Rock and Feather

I am grateful for quiet days. For being left alone much of the time. And for having someone to go to when I need a break from solitude. 

He is so unlike me. A rock to my feather. An arrow to my swirl. He rests in who he is the way I struggle to find myself.

There was one time  after we broke up and before we got back together   when we spent an afternoon together. It was late autumn. I drove to Marblehead where he was house sitting for an uncle who had a boat. 

He said throw that rope, and I did. He said pull that sail, and up I made it go. Once on the water, there was less to do so we sat mostly in silence, and we talked some about nothing of consequence. It was the kind of conversation that skirted around what was really on our minds.

 We came back into harbor nearing sunset and awkwardly said goodbye before I began the drive back to Brookline.
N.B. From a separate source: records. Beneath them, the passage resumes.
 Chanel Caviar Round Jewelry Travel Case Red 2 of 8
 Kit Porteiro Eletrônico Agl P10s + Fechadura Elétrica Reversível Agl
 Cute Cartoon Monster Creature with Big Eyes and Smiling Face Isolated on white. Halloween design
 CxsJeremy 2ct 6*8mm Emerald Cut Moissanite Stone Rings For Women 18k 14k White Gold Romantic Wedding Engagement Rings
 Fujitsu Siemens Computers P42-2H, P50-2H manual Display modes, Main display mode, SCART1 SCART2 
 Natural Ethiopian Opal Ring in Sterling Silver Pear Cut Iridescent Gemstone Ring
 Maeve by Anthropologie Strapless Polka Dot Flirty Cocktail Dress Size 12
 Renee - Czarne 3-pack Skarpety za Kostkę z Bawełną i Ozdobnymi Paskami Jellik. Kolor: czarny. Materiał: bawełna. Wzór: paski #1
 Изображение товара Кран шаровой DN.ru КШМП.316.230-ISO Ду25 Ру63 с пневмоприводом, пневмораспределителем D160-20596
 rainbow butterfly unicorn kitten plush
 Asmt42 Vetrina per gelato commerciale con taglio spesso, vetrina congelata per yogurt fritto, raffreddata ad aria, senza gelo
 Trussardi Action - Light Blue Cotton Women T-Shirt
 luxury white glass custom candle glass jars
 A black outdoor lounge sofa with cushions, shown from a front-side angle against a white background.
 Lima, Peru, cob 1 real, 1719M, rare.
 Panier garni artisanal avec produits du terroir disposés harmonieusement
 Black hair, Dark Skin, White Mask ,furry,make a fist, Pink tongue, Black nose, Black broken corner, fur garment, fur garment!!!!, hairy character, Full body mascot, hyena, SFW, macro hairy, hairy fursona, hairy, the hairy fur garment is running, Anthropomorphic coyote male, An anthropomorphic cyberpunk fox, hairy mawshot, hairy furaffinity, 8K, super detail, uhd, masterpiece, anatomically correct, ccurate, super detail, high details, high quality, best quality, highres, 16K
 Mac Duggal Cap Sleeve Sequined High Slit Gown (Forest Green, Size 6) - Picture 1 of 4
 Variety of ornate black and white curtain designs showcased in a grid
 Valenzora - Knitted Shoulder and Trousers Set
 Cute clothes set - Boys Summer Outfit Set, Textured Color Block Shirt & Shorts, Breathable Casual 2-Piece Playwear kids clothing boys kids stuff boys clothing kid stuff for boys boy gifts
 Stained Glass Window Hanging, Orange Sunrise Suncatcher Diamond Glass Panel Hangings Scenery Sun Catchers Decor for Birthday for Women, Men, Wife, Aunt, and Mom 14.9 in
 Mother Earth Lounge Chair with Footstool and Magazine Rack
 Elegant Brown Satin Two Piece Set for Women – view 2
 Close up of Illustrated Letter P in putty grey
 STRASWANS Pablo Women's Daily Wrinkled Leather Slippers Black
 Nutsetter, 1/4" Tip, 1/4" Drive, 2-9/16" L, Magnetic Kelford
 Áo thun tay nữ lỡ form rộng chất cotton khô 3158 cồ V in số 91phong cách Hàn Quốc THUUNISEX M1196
A couple of miles away, I realized I’d forgotten my gloves and turned the car around (a quick three-point turn to the slow bend of the boat). From the sidewalk, I saw him sitting on the floor bathed in flickering blue light, watching a football game as he ate a sandwich. I watched him for a moment and knew then I would leave without my gloves. 

Something – a feeling, a knowing, a peek through a tear in the fabric of time? – welled up in me, and I knew he was unlike any other. I couldn’t grasp how or why, but there was something about him, about us, that would keep pulling us back towards one another. 

I got back into my car, fingers a little cold on the wheel.

Our life together has been like that. Day after day. Year after year. Mostly skirting around what we really want to stay. Retreating into corners. And finding each other, now and again.